I would say contralto, but that works



> Lyanna Mormont: Soubrette


maybe more of a mezzo soubrette like Bartoli



> Walder Frey: Tenor


bass!



> Edmure Tully: lyric tenor
> Brynden "Blackfish" Tully: Dramatic Baritone


yes



> Bronn: Tenor


I'd say baritone


----------



## Woodduck (Mar 17, 2014)

Barbebleu said:


> Really? But clearly you have a computer and internet access so theoretically you could watch GoT if you had the time and the inclination?


First I'd have to learn what that is. Please don't tell me. I'm a simple man.

Rocks do have WiFi now.


----------



## Barbebleu (May 17, 2015)

Woodduck said:


> First I'd have to learn what that is. Please don't tell me. I'm a simple man.
> 
> Rocks do have WiFi now.


Learn what what is, my good Woodduck?


----------



## BalalaikaBoy (Sep 25, 2014)

Barbebleu said:


> Learn what what is, my good Woodduck?


^this. DO IT!


----------



## Pugg (Aug 8, 2014)

Woodduck said:


> First I'd have to learn what that is. Please don't tell me. I'm a simple man.
> 
> Rocks do have WiFi now.


Sometimes ignorance is a bliss.


----------



## BalalaikaBoy (Sep 25, 2014)

Pugg said:


> Sometimes ignorance is a bliss.


And sometimes it isn't...like with Game of Thrones


----------



## Tuoksu (Sep 3, 2015)

BalalaikaBoy said:


> eh, I see a more youthful voice being better for Dany


It's just that Dragons and being such princess-warrior somehow make me think of Wagner. But yes, considering Dany is so young (especially in the books) a younger voice would do as well.

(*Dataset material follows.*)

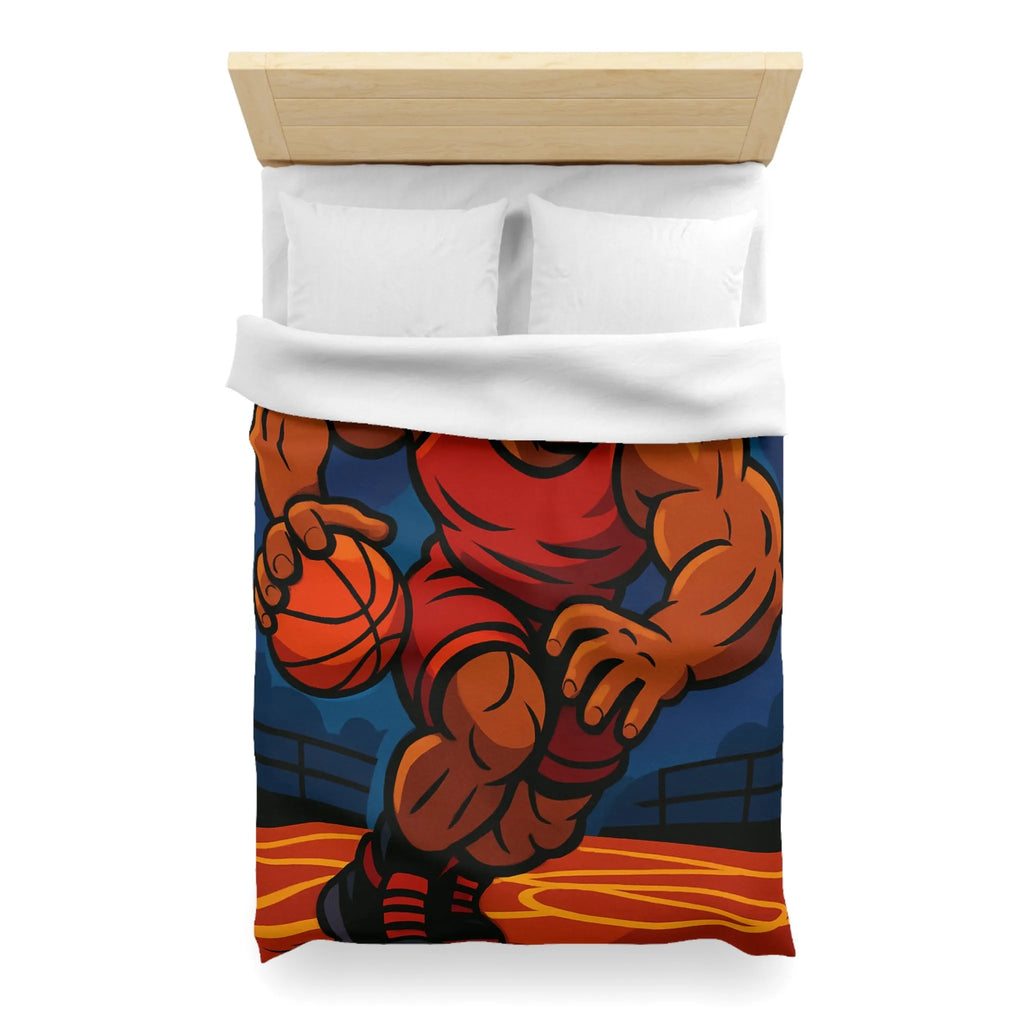 Housse de couette avec illustration dynamique de joueur de basket-ball en action intense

> Oberyn Martel is so manly, aggressive and virile. I would have said dramatic tenor or Verdi baritone


He is, but also he's quick and agile. I mean he's the red Viper. He's also a charming seducer and bisexual. That made me think it would require a softer more seductive voice.



> I assume you mean a more aggressive, Lady Macbeth type dramatic coloratura


Indeed! She's a scheming lady. When I think of a Dramatic Coloratura it's always the hefty voices with great agility (like Callas) rather than the other way around ie a sizable coloratura (Sutherland)


----------



## jurianbai (Nov 23, 2008)

Game of Thrones fans here. Instead of discussing the opera singer for Game of Thrones I suggest we works on who composer fit the best for each situation.

Btw, I will pay the TV just specifically to watch GoT but I already a subscriber beforehand, GoT and Euro 2016 worth it. lol.


----------



## BalalaikaBoy (Sep 25, 2014)

Tuoksu said:


> It's just that Dragons and being such princess-warrior somehow make me think of Wagner. But yes, considering Dany is so young (especially in the books) a younger voice would do as well.


maybe more of a Jugendlich dramatischer Sopran



> He is, but also he's quick and agile. I mean he's the red Viper. He's also a charming seducer and bisexual. That made me think it would require a softer more seductive voice.


in general, lower voices are more seductive than higher. hell, I originally was going to make him a bass XD



> Indeed! She's a scheming lady. When I think of a Dramatic Coloratura it's always the hefty voices with great agility (like Callas) rather than the other way around ie a sizable coloratura (Sutherland)


so more along the lines of Marisa Galvany, Shirley Verret, possibly Ghena Dimitrova. that works


----------



## Tuoksu (Sep 3, 2015)

BalalaikaBoy said:


> maybe more of a Jugendlich dramatischer Sopran


that's fine.



> in general, lower voices are more seductive than higher. hell, I originally was going to make him a bass XD


I was thinking a Duca kind of voice  not a Don Giovanni. I also don't know why being Dornish calls for a brighter sound in my opinion.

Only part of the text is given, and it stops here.